◆ Input data:
Start of Block

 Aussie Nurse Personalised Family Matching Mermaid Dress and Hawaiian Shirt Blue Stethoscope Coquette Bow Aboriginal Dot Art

End of Block
Start of Block

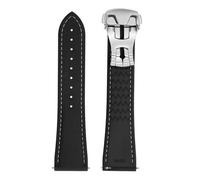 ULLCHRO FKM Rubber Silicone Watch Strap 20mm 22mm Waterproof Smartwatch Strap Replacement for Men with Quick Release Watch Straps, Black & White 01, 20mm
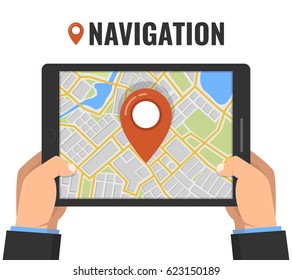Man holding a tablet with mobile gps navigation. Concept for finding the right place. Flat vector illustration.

End of Block
Start of Block

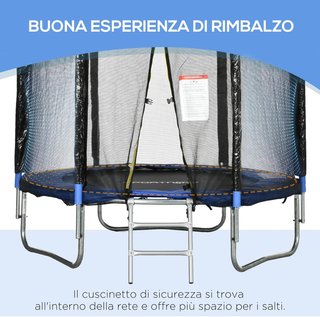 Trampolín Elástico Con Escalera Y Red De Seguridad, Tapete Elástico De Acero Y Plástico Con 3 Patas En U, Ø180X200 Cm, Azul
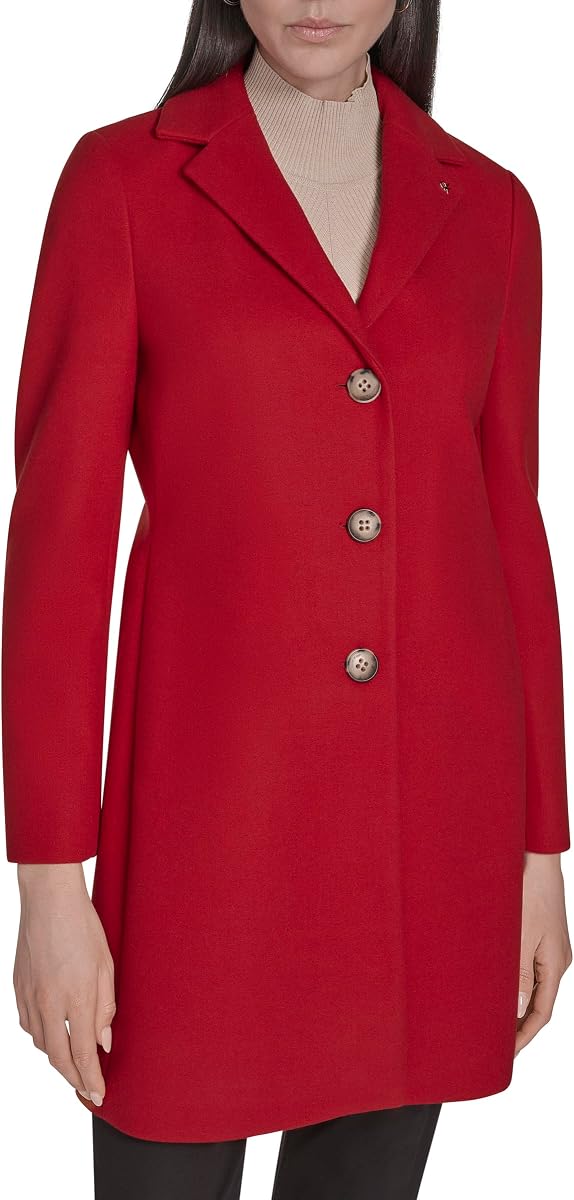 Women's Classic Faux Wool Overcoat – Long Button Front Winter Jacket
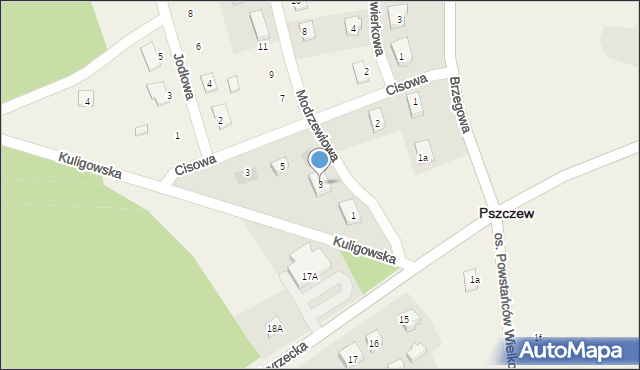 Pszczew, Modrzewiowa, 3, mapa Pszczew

End of Block

◆ Task: Transcribe, word for word, the stretch of lines in the data above from the one with "Women's Classic Faux" through the one with "Pszczew, Modrzewiowa, 3, mapa Pszczew"; omit all pictures.

◆ Response to the task:
 Women's Classic Faux Wool Overcoat – Long Button Front Winter Jacket
 Pszczew, Modrzewiowa, 3, mapa Pszczew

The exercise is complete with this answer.